Provided data:
<<<<
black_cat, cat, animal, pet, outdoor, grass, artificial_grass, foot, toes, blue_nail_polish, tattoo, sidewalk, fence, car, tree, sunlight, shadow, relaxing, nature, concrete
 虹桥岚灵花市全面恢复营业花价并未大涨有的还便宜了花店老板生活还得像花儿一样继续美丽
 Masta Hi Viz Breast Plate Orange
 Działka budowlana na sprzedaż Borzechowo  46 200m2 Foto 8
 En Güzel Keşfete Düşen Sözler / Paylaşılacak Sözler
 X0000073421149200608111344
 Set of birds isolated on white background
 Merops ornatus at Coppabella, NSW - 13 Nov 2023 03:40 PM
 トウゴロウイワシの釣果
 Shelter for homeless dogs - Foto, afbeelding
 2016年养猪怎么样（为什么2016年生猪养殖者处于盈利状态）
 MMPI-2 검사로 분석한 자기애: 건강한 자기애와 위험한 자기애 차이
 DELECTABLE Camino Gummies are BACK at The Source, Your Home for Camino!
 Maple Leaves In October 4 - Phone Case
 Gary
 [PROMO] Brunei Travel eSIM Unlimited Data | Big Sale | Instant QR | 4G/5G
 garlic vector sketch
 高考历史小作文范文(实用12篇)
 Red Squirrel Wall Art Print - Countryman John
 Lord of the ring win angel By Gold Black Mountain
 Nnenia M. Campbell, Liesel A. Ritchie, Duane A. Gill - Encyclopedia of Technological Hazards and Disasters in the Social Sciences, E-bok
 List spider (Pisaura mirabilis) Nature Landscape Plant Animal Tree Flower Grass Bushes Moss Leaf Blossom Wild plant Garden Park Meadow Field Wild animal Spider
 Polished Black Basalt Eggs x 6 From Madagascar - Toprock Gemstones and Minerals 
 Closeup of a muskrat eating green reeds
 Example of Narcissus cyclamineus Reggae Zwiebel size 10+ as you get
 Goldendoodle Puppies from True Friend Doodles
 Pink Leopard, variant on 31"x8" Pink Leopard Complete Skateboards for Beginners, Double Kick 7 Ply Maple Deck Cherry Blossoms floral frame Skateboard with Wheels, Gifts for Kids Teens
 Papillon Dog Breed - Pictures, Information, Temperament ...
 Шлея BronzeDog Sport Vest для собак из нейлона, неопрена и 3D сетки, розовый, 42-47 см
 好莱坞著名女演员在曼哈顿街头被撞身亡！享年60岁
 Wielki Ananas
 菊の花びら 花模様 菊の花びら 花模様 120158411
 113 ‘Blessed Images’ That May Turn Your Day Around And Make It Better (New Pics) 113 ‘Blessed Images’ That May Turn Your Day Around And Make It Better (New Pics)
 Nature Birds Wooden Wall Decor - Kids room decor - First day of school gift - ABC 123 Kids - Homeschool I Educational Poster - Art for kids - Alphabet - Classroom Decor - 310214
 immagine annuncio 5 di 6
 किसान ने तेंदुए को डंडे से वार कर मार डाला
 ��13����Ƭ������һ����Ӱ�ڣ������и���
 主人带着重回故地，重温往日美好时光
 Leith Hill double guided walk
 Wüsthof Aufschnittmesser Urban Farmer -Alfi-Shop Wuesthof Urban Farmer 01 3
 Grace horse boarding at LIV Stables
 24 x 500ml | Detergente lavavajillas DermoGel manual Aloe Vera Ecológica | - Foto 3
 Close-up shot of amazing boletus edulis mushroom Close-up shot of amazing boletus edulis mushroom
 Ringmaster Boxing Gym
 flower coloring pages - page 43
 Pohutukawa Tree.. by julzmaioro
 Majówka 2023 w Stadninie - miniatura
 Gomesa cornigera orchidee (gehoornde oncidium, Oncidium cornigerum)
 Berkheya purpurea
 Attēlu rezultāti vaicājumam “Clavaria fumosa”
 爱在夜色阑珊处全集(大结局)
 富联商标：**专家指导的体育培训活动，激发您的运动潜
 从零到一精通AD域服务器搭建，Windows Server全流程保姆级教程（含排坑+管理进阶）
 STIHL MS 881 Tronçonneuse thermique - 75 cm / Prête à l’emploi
>>>>
Repeat exactly the lines of the data from the first one through the line with "En Güzel Keşfete", both of them included.

Output of the task:
black_cat, cat, animal, pet, outdoor, grass, artificial_grass, foot, toes, blue_nail_polish, tattoo, sidewalk, fence, car, tree, sunlight, shadow, relaxing, nature, concrete
 虹桥岚灵花市全面恢复营业花价并未大涨有的还便宜了花店老板生活还得像花儿一样继续美丽
 Masta Hi Viz Breast Plate Orange
 Działka budowlana na sprzedaż Borzechowo  46 200m2 Foto 8
 En Güzel Keşfete Düşen Sözler / Paylaşılacak Sözler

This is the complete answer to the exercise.